- The poster of Balala the Fairies show depicting the main characters
- Also known as: Balala, Little Magic Fairy
- Genre: Magical girl
- Directed by: Zhou Jianji Li Sijie Li Junze
- Starring: Mikan Liu [zh]; Liao Jingxuan; Huang Anyi; Jony Sun [zh];
- Opening theme: "Balala the Fairies" by A2A (AOA)
- Ending theme: "The Happy Money Box"
- Country of origin: China
- Original language: Mandarin
- No. of seasons: 10
- No. of episodes: 482

Production
- Producer: Cai Dongqing
- Running time: 25 minutes
- Production company: Alpha Group Co. Ltd.

Original release
- Release: 12 April 2008 – present

= Balala the Fairies =

Chinese magical girl film metaseries

Balala the Fairies, or Balala, Little Magic Fairy (巴啦啦小魔仙 (Bālālā xiǎo mó xian)), is a Chinese magical girl metaseries created and produced by Alpha Group. Each series focuses on a group of magical girls fighting against evil and dark forces while following their ordinary lives and personal wishes. The first installment was the live-action series of the same name, which first aired in 2008. There are ten seasons in total and 482+ episodes.

==Plot==
Each season focuses on a group of ordinary schoolgirls who are granted magical powers and talents and transform into the legendary warriors known as the Balala Fairies to fight against unknown evil forces. As the series progresses and enemies get stronger, they will gain more new items, stuff, and abilities to fight evil.

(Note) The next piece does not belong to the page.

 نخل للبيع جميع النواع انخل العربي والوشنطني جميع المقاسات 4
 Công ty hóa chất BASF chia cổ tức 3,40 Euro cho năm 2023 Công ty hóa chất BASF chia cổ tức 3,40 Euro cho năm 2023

===Balala the Fairies (2008–2009)===
The Magic Fairy Castle, led by the Fairy Queen, is a place only fairies can learn magic and know how to use what they have learned to help others. The ill-tempered black magic fairy, Luna, steals the black magic and the fairy's colorful stone, and is never seen again. Shirley, the fairy who protects the colorful stone, came to earth to make up for her mistakes and to track down the fairy's colorful stone. Shirley hid in the octave box and was brought home by Maggie Lin (voiced by Sun Qiaolu), Michelle Lin's sister, and became the Lin family's little nanny. The three spent a happy life together and formed a deep friendship with each other. With the permission of the Fairy Queen, Shirley teaches Maggie and Michelle magic to become Balala Fairies on Earth. At the same time, Luna befriended a girl named Lily Yan and trained her to become a little black magic fairy.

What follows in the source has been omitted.